Subscribe free to our newsletters via your
. 24/7 Space News .




SHAKE AND BLOW
10,000 feared dead in Japan's Miyagi: police
by Staff Writers
Tokyo (AFP) March 13, 2011


Fishing boats rest piled up on debris in the northern Japanese city of Kesennuma in Miyagi prefecture on March 12, 2011 a day after a massive 8.9 magnitude quake and tsunami hit the region. An explosion at a Japanese nuclear plant triggered fears of a meltdown on March 12, after the massive earthquake and tsunami left more than 1,000 dead and at least 10,000 unaccounted for.

The death toll from Japan's devastating earthquake and tsunami is certain to exceed 10,000 in Miyagi prefecture alone, its police chief told reporters Sunday.

"There is no doubt that the number will reach the 10,000-level," said Naoto Takeuchi, quoted by state broadcaster NHK. He was referring just to his own prefecture, the region hardest hit by Friday's devastating natural disaster.

The National Police Agency's official death toll as of early Sunday was 688, with 642 missing and 1,570 injured.

But this figure excluded a total of 400-500 bodies found at two locations in northeast Japan, where the wall of water swept ashore.
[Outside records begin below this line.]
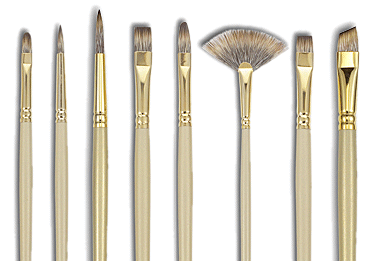 Save 60% off list on Princeton Synthetic Mongoose Oil & Acrylic Brushes at Rex!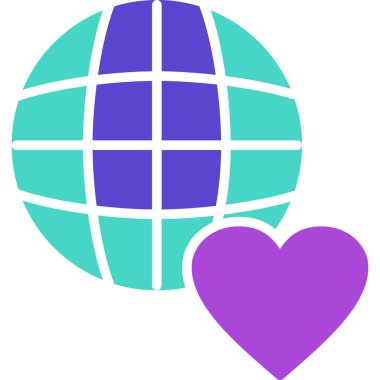 Kalp simgesinin vektör illüstrasyonu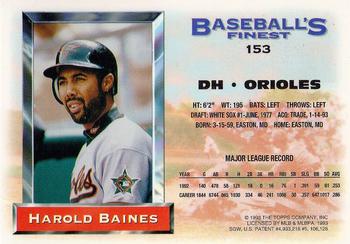 Harold Baines  baseball card collectible - Main Image 2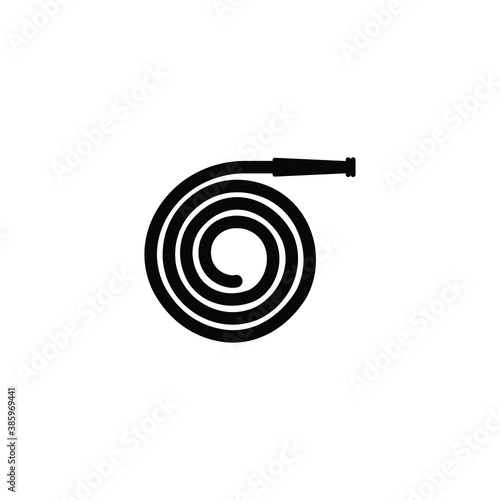 Fire hose icon vector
There are also reports of thousands of people who are unaccounted for.

In the small port town of Minamisanriku, which was practically swept away, some 10,000 people were missing, NHK reported earlier.

earlier related report
Mud-strewn wastelands replace Japanese towns
Sendai, Japan (AFP) March 13, 2011 - Wastelands of mud and debris now stretch along Japan's northeast coast where towns and villages used to be, consumed by a terrifying tsunami triggered by Japan's biggest ever earthquake.
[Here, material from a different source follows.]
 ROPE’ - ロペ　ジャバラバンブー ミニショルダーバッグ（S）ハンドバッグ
The port town of Minamisanriku was practically erased, over half its 17,500 population unaccounted for after huge waves inundated the area following the 8.9 magnitude quake, a hospital one of few structures remaining.

For the lucky ones, such as some residents in Kamaishi city, tsunami evacuation sirens came quickly enough for them to scramble up to higher ground before watching in horror as the raging sea tore through their homes.

The sheer power of the water tossed cars like small toys, and upturned lorries that now litter the roads in Sendai city where the haunting drone of tsunami sirens at one point echoed into the cold night.

Dislodged shipping containers piled up along the coastline and swathes of mangled wreckage consumed what used to be rice fields.

An elderly woman wrapped in a blanket tearfully recalled how she and her husband evacuated from Kesennuma town, north of Miyagi prefecture, where a massive tsunami swept through a fishing port.

"I was trying to escape with my husband, but water quickly emerged against us and forced us to run up to the second story of a house of people we don't even know at all," she told NHK.

"Water still came up to the second floor, and before our eyes, the house's owner and his daughter were flushed away. We couldn't do anything. Nothing."

As Sendai city endured a pitch-black night amid a power blackout, Sendai Teishin Hospital spokesman Masayoshi Yamamoto told AFP the building was able to keep its lights on using its own power generators, drawing in survivors.

Around 50 people arrived looking to shelter from the cold night air in the lobby of the downtown Sendai city hospital, he said.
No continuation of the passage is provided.